PRIMO MAGGIO 2018:
Basta oppio, torni la “religione”

Milano, 1 maggio 2018

Forse oggi la vera rivoluzione sarebbe abbassare i toni, cambiare i titoli, provare a guardare le cose senza aspettarsi in cambio voti, like, visibilità. Credere in un progetto, nel bene che può produrre e portarlo avanti. Scrivere per raccontare i fatti cercando di rispettare la verità e non solo per essere applauditi. Una volta il giornalismo era un lavoro scomodo, curava il potere come un cane da guardia. Oggi vedo scarso interesse per la fatica e si moltiplicano sempre di più (anche in politica, e la cosa è oltremodo preoccupante) i soggetti criticanti che si limitano a detrarre senza un briciolo di proposta e sobillano a vuoto, come nella miglior tradizione delle faide medievali. Ci si ritrova in Tv e sui social e si combatte. E vince chi colpisce più forte, chissenefrega della ragione, riposi in pace l’illuminismo.

Nel primo maggio che festeggia il lavoro, la sicurezza, il diritto, forse dovremmo riaccendere la luce sullo studio, la coerenza e la tutela. Non si può chiedere ad un giornalista di rischiare in prima persona per 3 euro lorde ad articolo. Abbassare i toni per alzare l’attenzione sulla concretezza dei problemi. Oggi l’oppio per i popoli è ovunque, ma manca invece una “religione”, un giudizio condiviso, un senso comune della verità, appunto.

In questa grande confusione un plauso va agli amici del primo maggio di Taranto che sulle piaghe di una situazione lavorativa come quella dell’Ilva mettono in piedi un concerto nitido, severo, un po’ più complicato del fratello grande di Roma che ormai strizza l’occhio a destra e a manca e ha perso un po’ della sua identità sociale. Forse sono troppo severa ma anche per il Concerto del primo maggio vorrei canzoni a tema, che mi facciano riflettere, antipatiche, noiose, con pochi clic ma a tema. E per questo ne scelgo due per voi. Una è di Caparezza e si intitola Eroe (Storia di Luigi delle Bicocche) e l’altra è di Edoardo Bennato e si intitola La Fata perché per noi donne la parità (e non solo nel lavoro) è ancora una meta troppo lontana e “se vuoi volare ti tirano giù“.

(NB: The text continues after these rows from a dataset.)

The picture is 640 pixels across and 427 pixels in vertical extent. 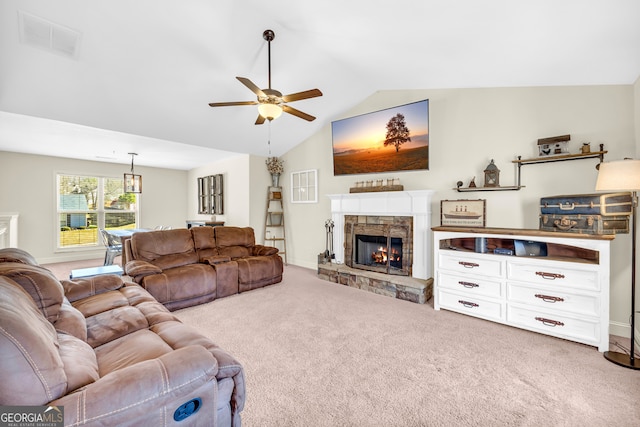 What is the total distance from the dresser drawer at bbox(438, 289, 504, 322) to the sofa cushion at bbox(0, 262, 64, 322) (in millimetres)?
3427

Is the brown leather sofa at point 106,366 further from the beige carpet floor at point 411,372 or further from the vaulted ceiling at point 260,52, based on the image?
the vaulted ceiling at point 260,52

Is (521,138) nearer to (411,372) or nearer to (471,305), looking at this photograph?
(471,305)

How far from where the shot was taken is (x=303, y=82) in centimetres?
367

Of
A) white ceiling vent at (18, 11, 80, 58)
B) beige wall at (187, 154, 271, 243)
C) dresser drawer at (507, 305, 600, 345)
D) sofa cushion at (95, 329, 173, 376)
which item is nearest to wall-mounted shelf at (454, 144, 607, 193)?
dresser drawer at (507, 305, 600, 345)

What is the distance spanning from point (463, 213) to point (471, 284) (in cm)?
92

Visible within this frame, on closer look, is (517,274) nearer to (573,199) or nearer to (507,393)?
(573,199)

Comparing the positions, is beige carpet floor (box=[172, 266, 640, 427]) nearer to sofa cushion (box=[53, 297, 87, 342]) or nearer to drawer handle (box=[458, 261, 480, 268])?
drawer handle (box=[458, 261, 480, 268])

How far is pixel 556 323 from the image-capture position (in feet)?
8.16

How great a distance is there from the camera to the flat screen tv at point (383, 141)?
3.86 meters

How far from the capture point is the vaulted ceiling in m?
2.19

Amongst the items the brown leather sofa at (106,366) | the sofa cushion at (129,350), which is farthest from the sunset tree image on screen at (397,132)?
the sofa cushion at (129,350)

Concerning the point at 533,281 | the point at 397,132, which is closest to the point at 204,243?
the point at 397,132

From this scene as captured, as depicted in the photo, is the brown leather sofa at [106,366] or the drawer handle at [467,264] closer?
the brown leather sofa at [106,366]

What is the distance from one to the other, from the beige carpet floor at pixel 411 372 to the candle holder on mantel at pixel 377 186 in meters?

Ringraziando chi ancora ogni giorno usa tutto il suo buonsenso per aiutarmi a capire, a chi lavora, a chi  fa un passo verso di me, voglio augurare a tutti noi giorni di bonaccia in cui tornare a parlare con la volontà di comunicare. Viva la rivoluzione. Viva i piccoli passi nascosti nell’ombra dell’amore per gli altri.